Restate word for word the part of the material that runs from the line containing "Dodgers win World" through its final line, inclusive, minus the pictures.

Records for the task START

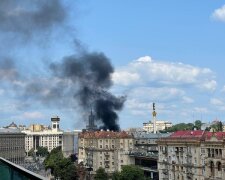 Потужна пожежа розбушувалася в центрі Києва, в небо повалив чорний дим: відео НП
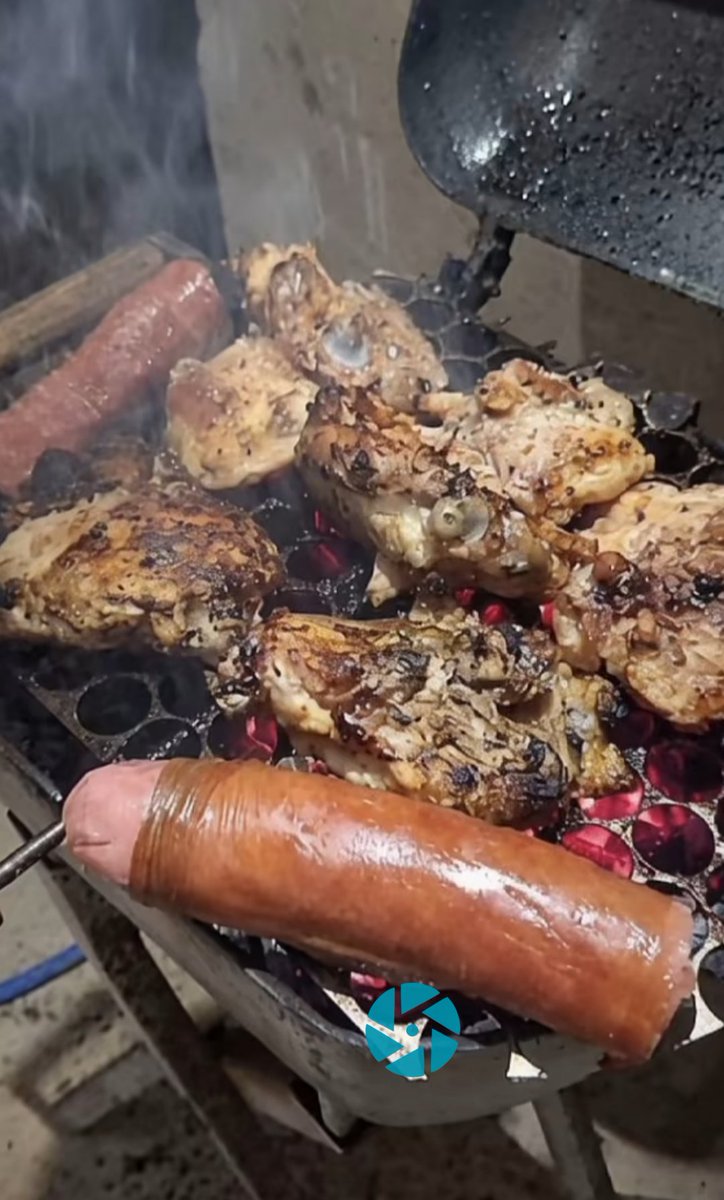 097654dgjfi's tweet photo. @akioook Mostra os churrasco brasileiro pra ele https://t.co/XHMpiABfIm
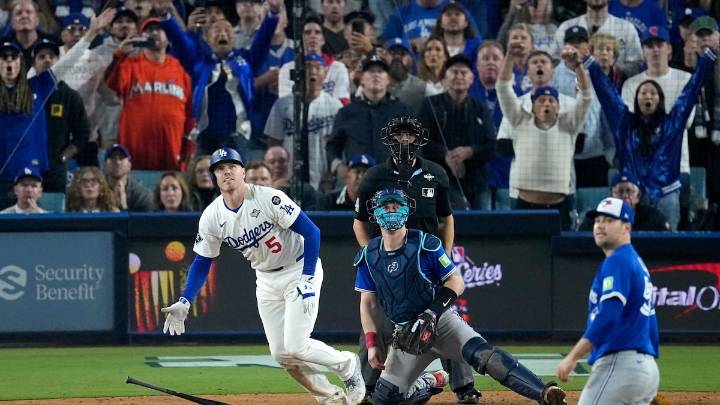 Dodgers win World Series Game 3 on Freddie Freeman’s home run in 18th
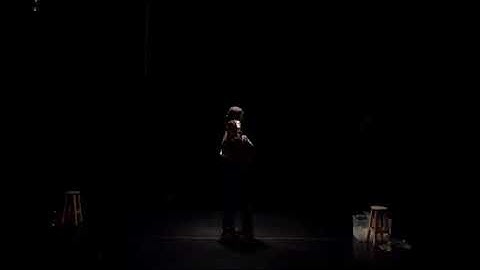 Fragmentos de las obras Yo no soy Muhammad y I will survive, con Cabeza de globo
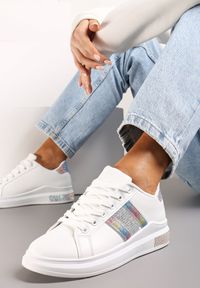 Renee - Białe Sneakersy z Metalicznymi Wstawkami i Cyrkoniami na Grubej Podeszwie Wirela. Kolor: biały #1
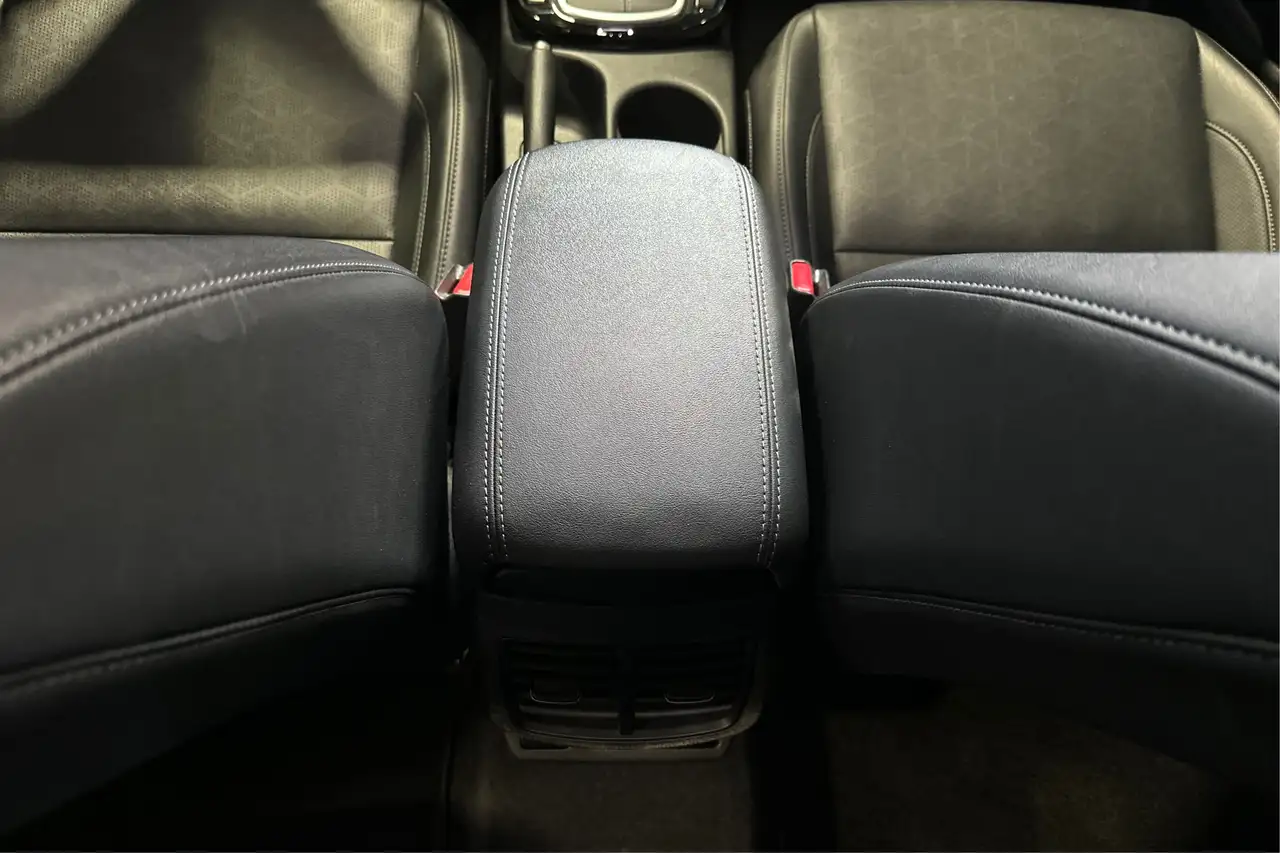 Kia Seltos снимка Kia Seltos
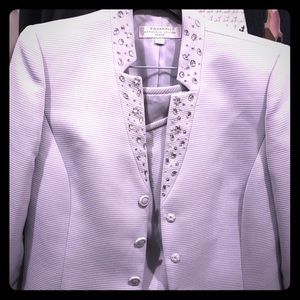 Elegant Tahari 2-Piece Suit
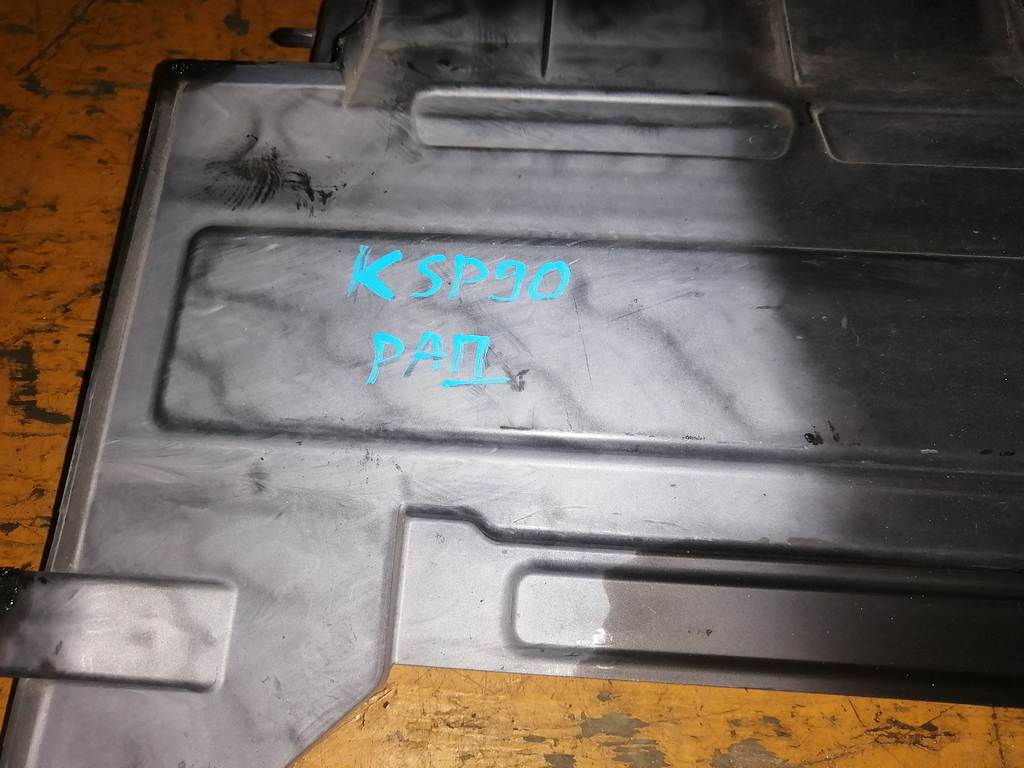 защита радиатора Toyota Vitz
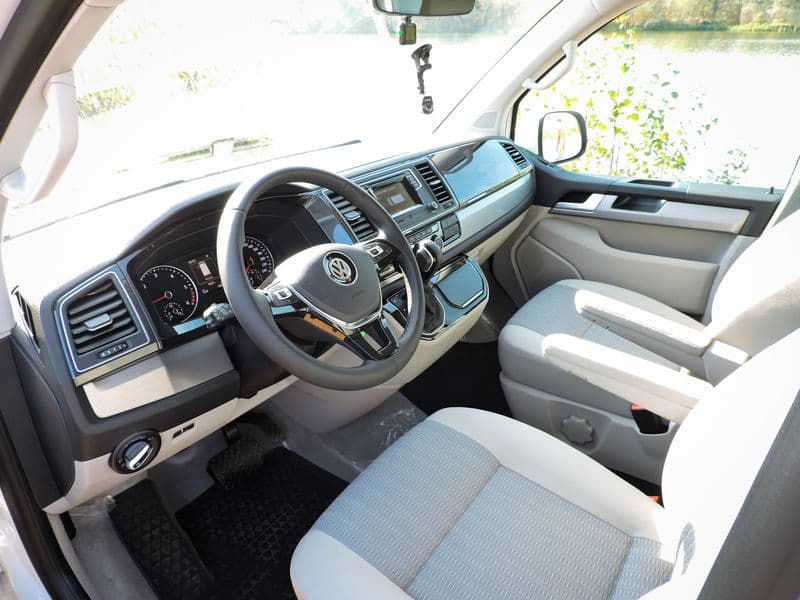 Тест-драйв Volkswagen T6: автомобиль не для каждой семьи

Records for the task END

▸ **Task answer**:
 Dodgers win World Series Game 3 on Freddie Freeman’s home run in 18th
 Fragmentos de las obras Yo no soy Muhammad y I will survive, con Cabeza de globo
 Renee - Białe Sneakersy z Metalicznymi Wstawkami i Cyrkoniami na Grubej Podeszwie Wirela. Kolor: biały #1
 Kia Seltos снимка Kia Seltos
 Elegant Tahari 2-Piece Suit
 защита радиатора Toyota Vitz
 Тест-драйв Volkswagen T6: автомобиль не для каждой семьи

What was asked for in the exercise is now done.